We are what we think: Why the press fails us and how to fix it

Michael Tobis, Grist
… To see where we’re going it often helps to consider where we’ve been.

In the past century, the century of mass media, it was the media that mostly provided the language, the Lego blocks, the molecules of thought for most people. Tiny little cultural clusters coalesced under the pressure of very powerful aggregators and distributors of information, not just through news but even through entertainment.

In America, the news media developed a set of scruples that reporting and commentary functions should be kept very distinct. The reporting people in particular were taught this as a bedrock ethical principle, and continue to defend it fiercely. A news medium is an economic entity, but its success depends on public trust, so the thinking went. Thus the reporter should be scrupulously “neutral”. Because the ownership wanted an outlet for its own ideas, the “editorial” sandbox was set up for them.

So the raw materials for thought, the mindsets, the idea clusters, become 1) the world of commerce, trade, profit, wealth, “free enterprise” to give it its triumphal name 2) the world of strife, controversy, secrets kept and secrets breached, objectives baldly stated and objectives obscured, speech honest and speech mendacious, in other words the gritty world of “muckraking”. Even the opposition to these ideas was framed in the same terms: “the workers control the means of production”, “power to the people” “el pueblo unido jamas sera vencido” etc.

For a long time, this model served well enough. When there is a local question, say a road bond or new convention center, the tension between fiscal conservatism and boosterism is very well suited for this constellation: there is a horse race of two ideas, both resonate with the values of the community, no special expertise is required to understand the issues, and eventually, one side or the other will win. (Then, if the project is approved it will be executed well, indifferently or badly, again stories which the traditional media are well suited to examine.)

In the past, even national questions were somewhat more disjoint than they are now. Everything wasn’t deeply enmeshed in everything else, specifically because the American landscape wasn’t very crowded. So for the most part, even national issues had a local, parochial flavor; a public dance of debate, a backstage drama of arm twisting and intrigue, and on the whole, an increasingly homogeneous national character that matched circumstances well enough.

Thus emerges our habitual mental model: “there are two sides to every story”. Everybody bends the truth in their direction. The public interest is the sum of every individual’s self interest. Some people are especially influential because they control large institutions or large pots of money. Decisions are based on cultural affinities, alliances, and exchanges of political capital.

But the questions we face now are very different. Try to map this habit of mind onto questions of managing the earth as a tightly coupled and disrupted system and what do you get?

There’s an nerdy joke among scientists, that a mathematician who knows what to do when confronted with a burning building will set non-burning buildings alight, thereby reducing it to the previous problem. When there is only one side to a story, the press will manufacture another.
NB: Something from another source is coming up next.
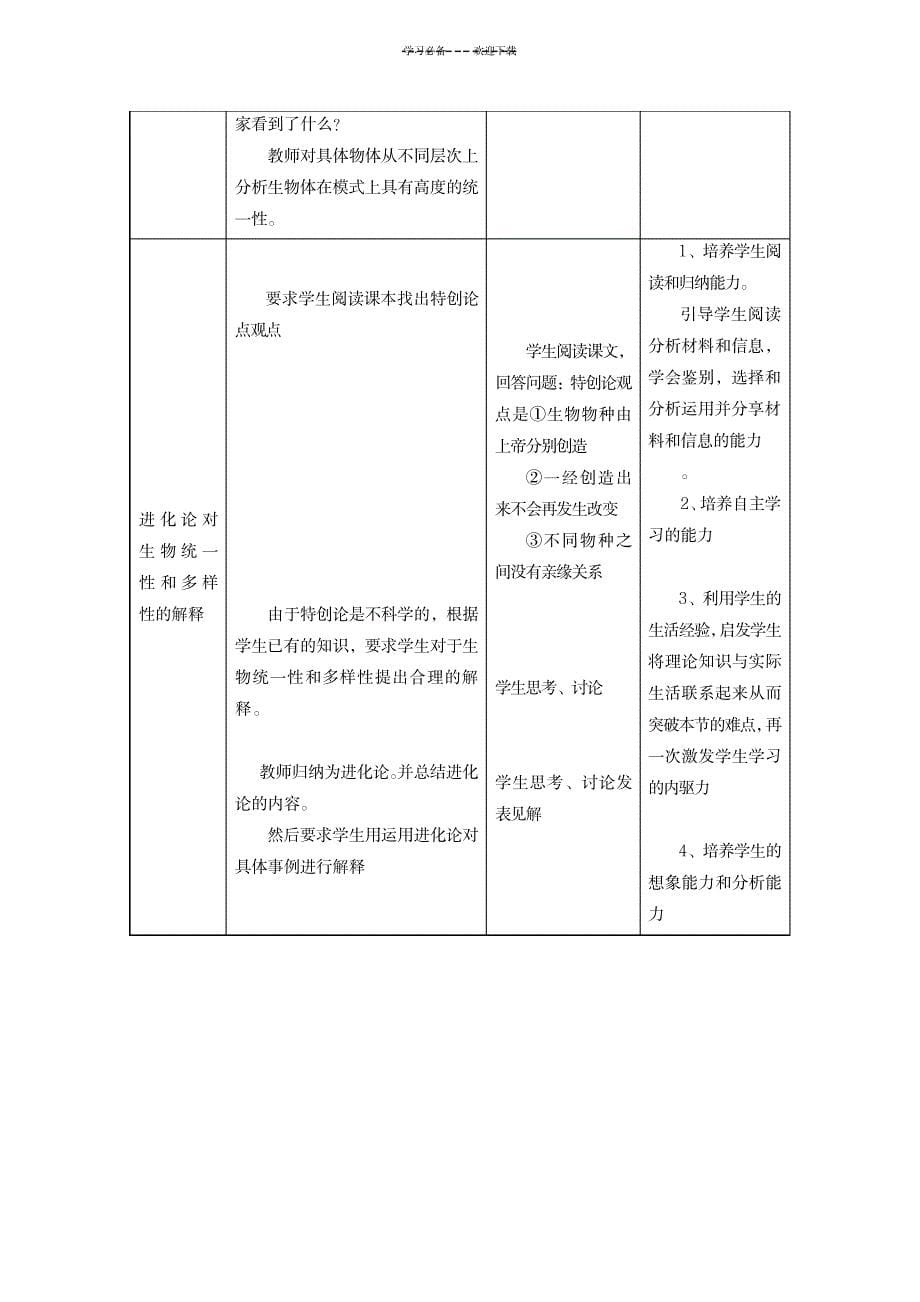 《生物的多样性,统一性与进化》教学设计_中学教育-中学课件_第5页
… We don’t need a friendlier name for doom. We need a 24 hour doom channel. God knows it’s not boring once you actually get the picture.

It’s the future. The press, or whatever replaces it, needs to read more like science fiction. Let’s talk about scenarios, about what problems nature will present us with, and about coalitions, how we will address them. Let’s talk about social organizing tools. Let’s look backward from 2400 AD and describe how we overcame the nation-state, the porliferation of mutually hostile religions and ideologies, and the ethic of greed. Let’s think about how to extract unity from hostility and fear. Let’s try to understand why surplus feels like poverty.